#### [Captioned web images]
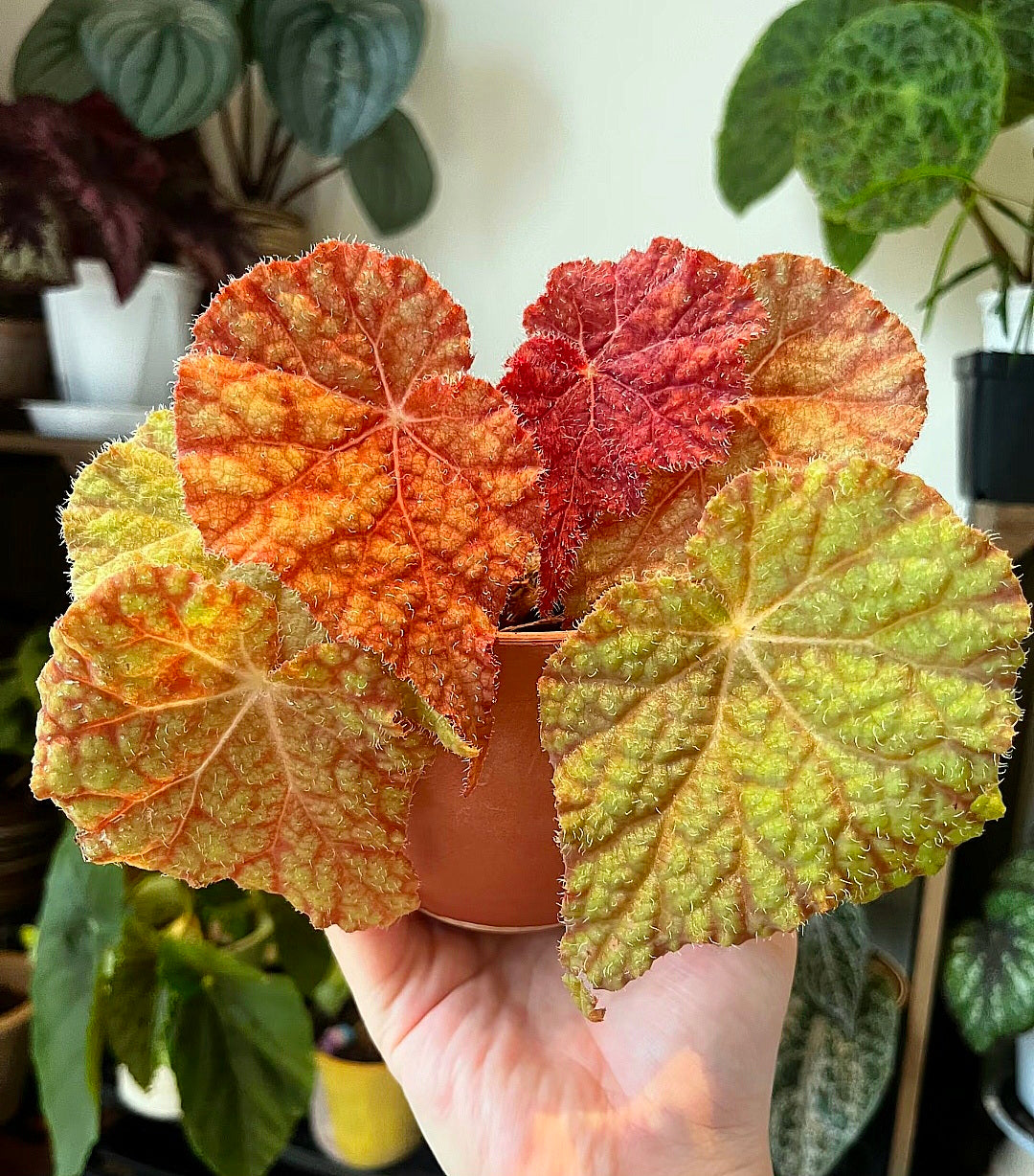 Begonia Raspberry Cake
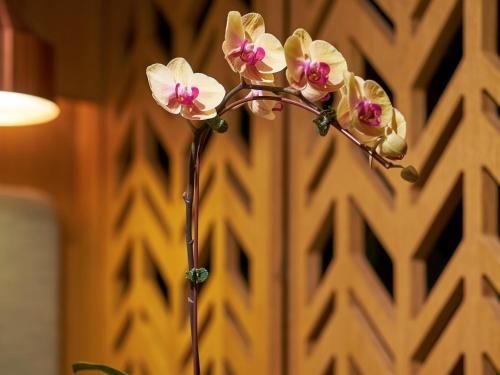 Oasia Hotel Downtown, Singapore by Far East Hospitality (SG Clean)4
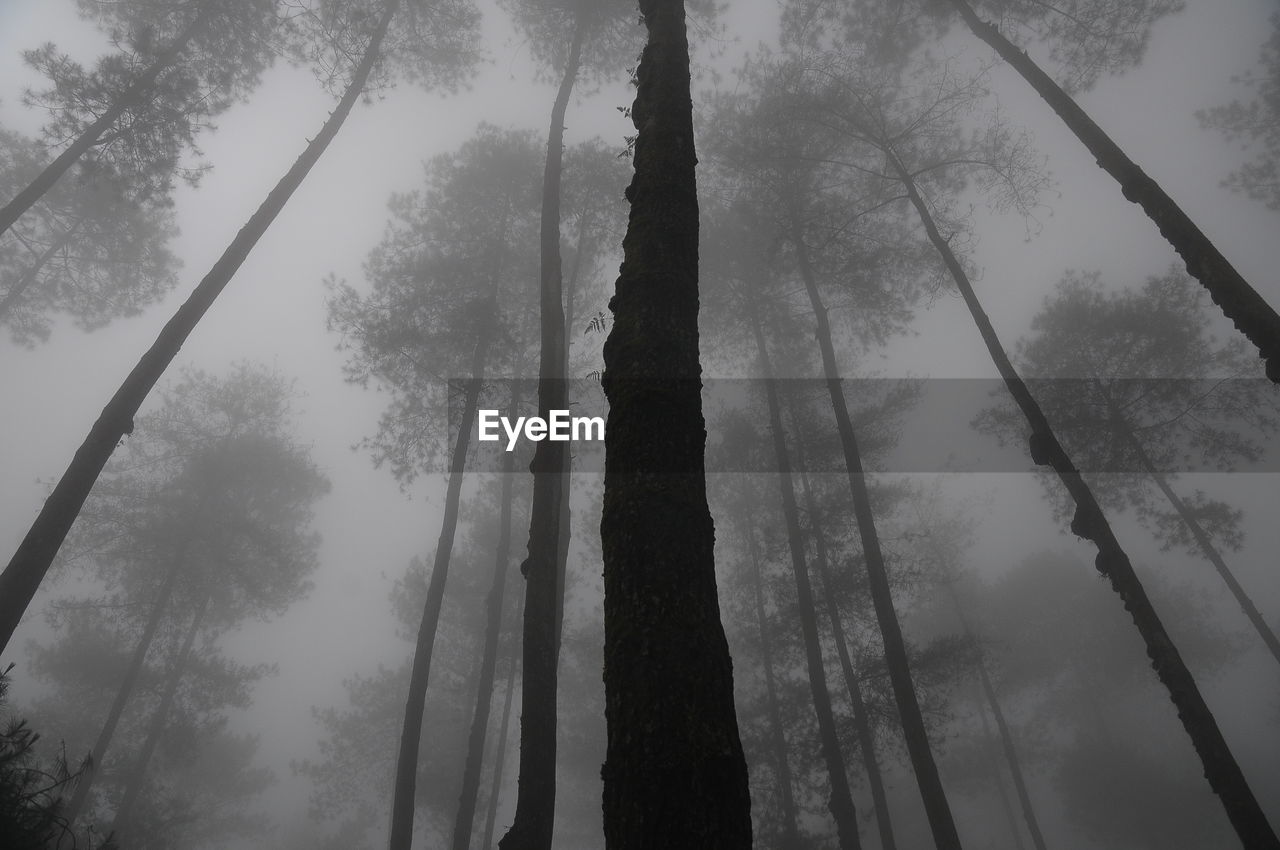 Low angle view of trees in forest against sky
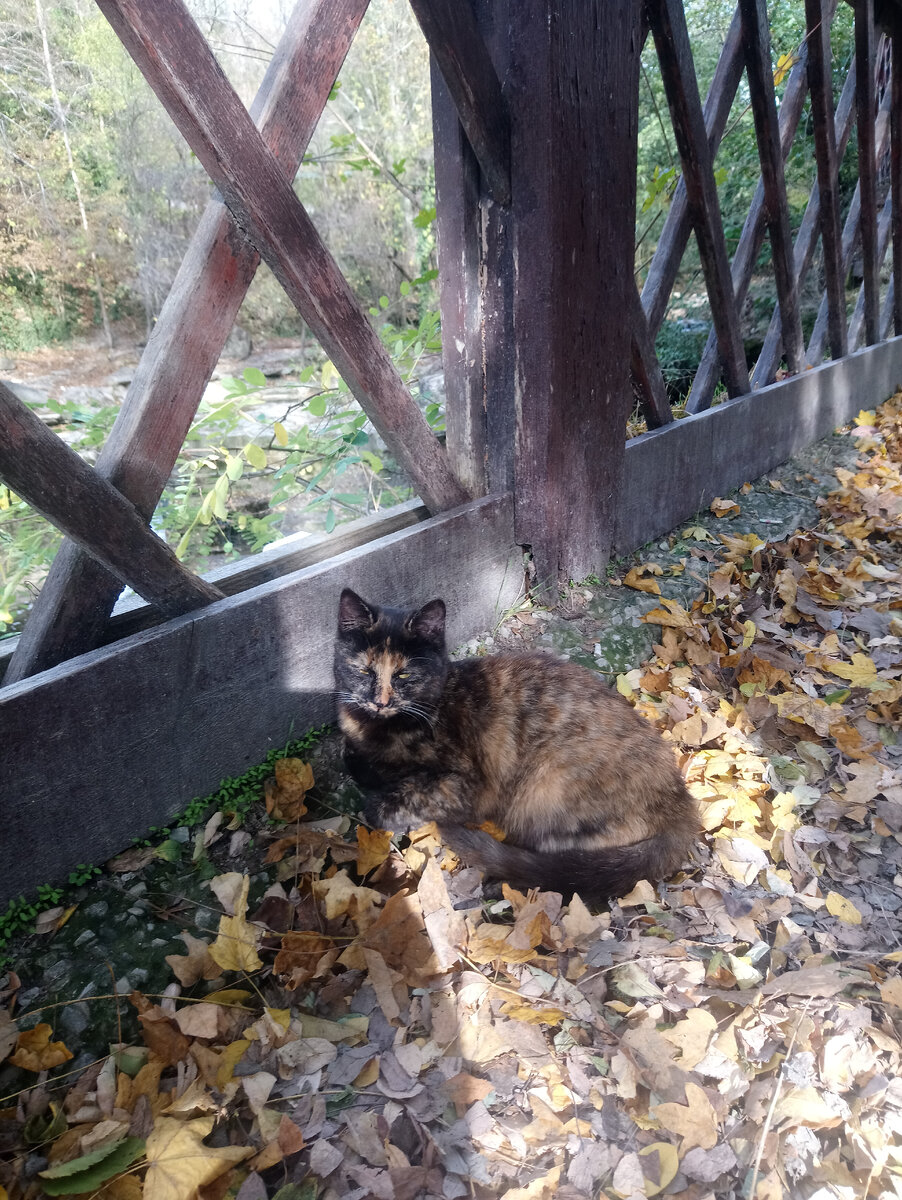 Фото автора Дзен канала "Пошли с Натали"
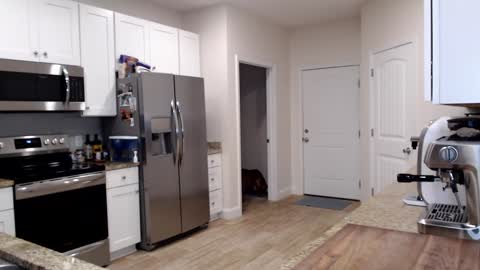 Holi Hurricane online show from 09-24-25, 11:30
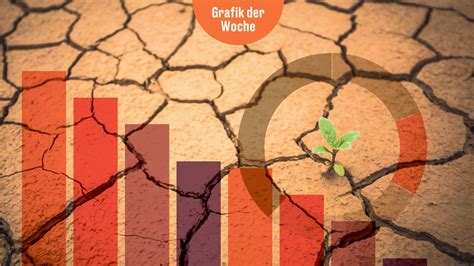 Kein Regen mehr – Die deutsche Wirtschaft in der Dürre zerbricht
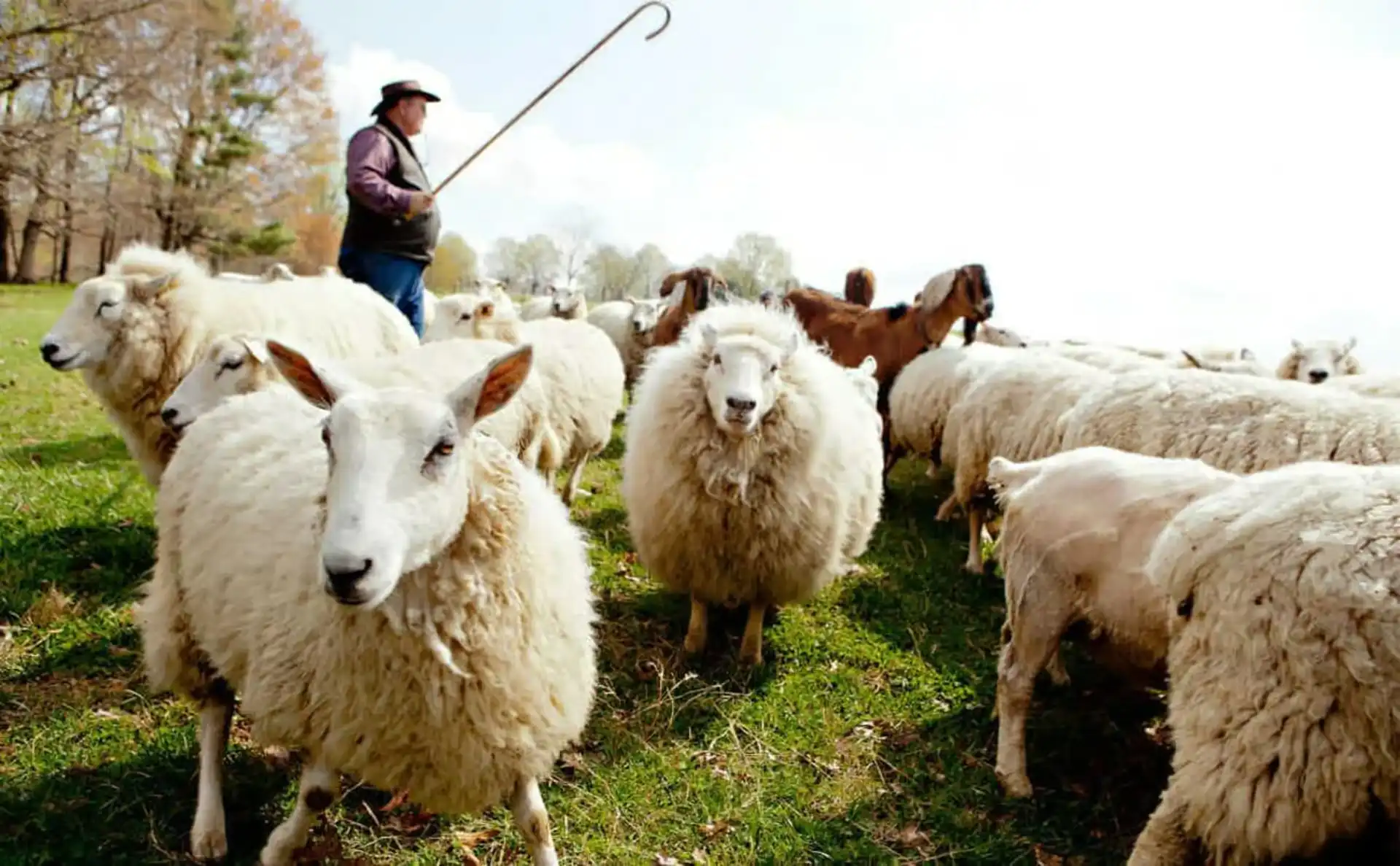 Private Olive Oil, Honey & Shepherd Tour with Lunch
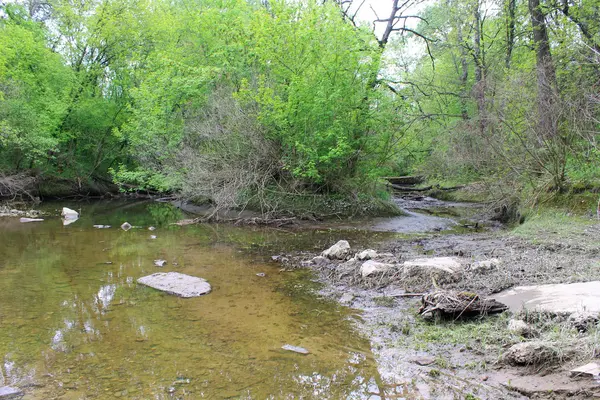 River in forest — Stock Photo, Image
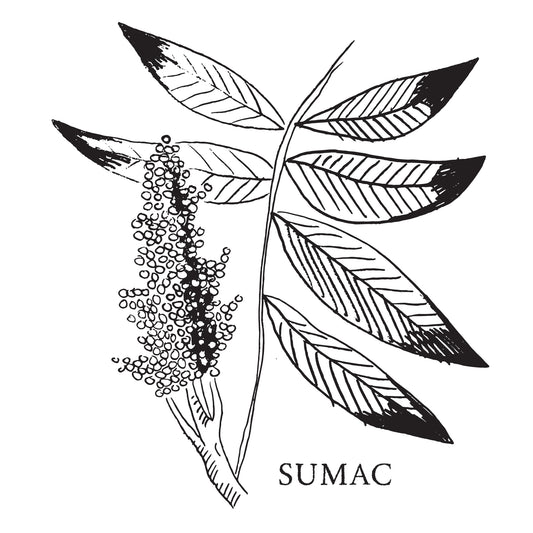 Introducing More Good Sumac Syrup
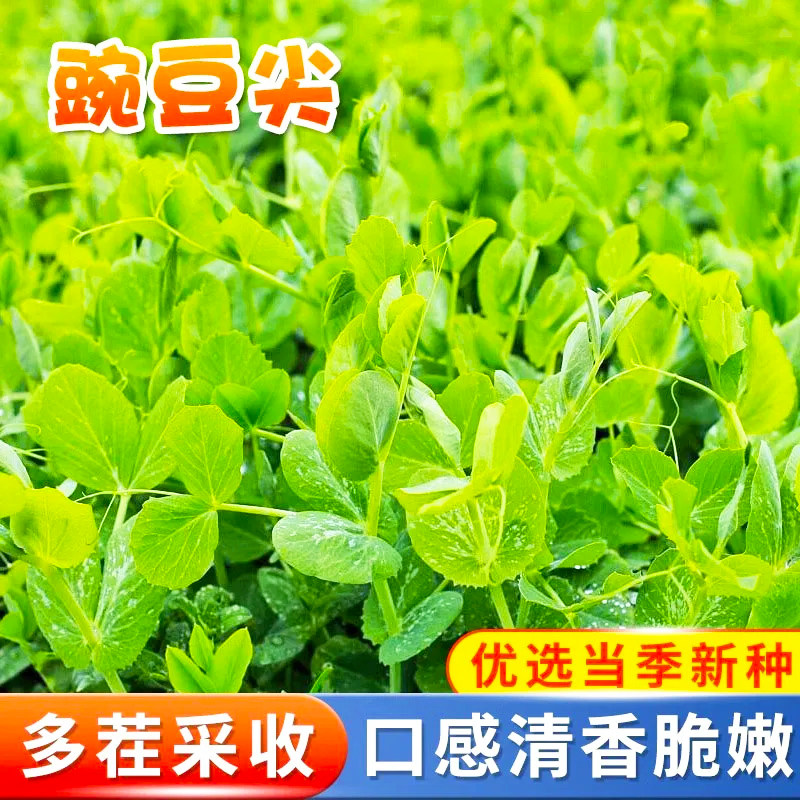 【10天一茬】四季豌豆苗种子特大豆尖水培荷兰豆芽碗豆尖芽菜种子
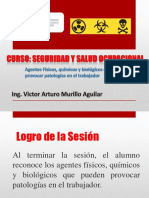 Semana 9. Agentes Fisicos, Quimicos y Biologicos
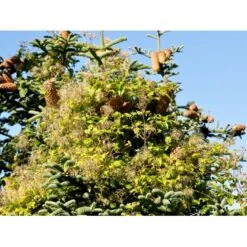 Almindelig Skovranke Clematis Vitalba Potte 2,0 Liter,- Opbundet 60-100 Cm -Osmo Salgsbutik fi843 clematis vitalba 4fd1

#### [What you will do]
Print again, exactly, the lines of the records above from the first line through the line with "River in forest — Stock Photo, Image". No pictures.

#### [Exercise response]
 Begonia Raspberry Cake
 Oasia Hotel Downtown, Singapore by Far East Hospitality (SG Clean)4
 Low angle view of trees in forest against sky
 Фото автора Дзен канала "Пошли с Натали"
 Holi Hurricane online show from 09-24-25, 11:30
 Kein Regen mehr – Die deutsche Wirtschaft in der Dürre zerbricht
 Private Olive Oil, Honey & Shepherd Tour with Lunch
 River in forest — Stock Photo, Image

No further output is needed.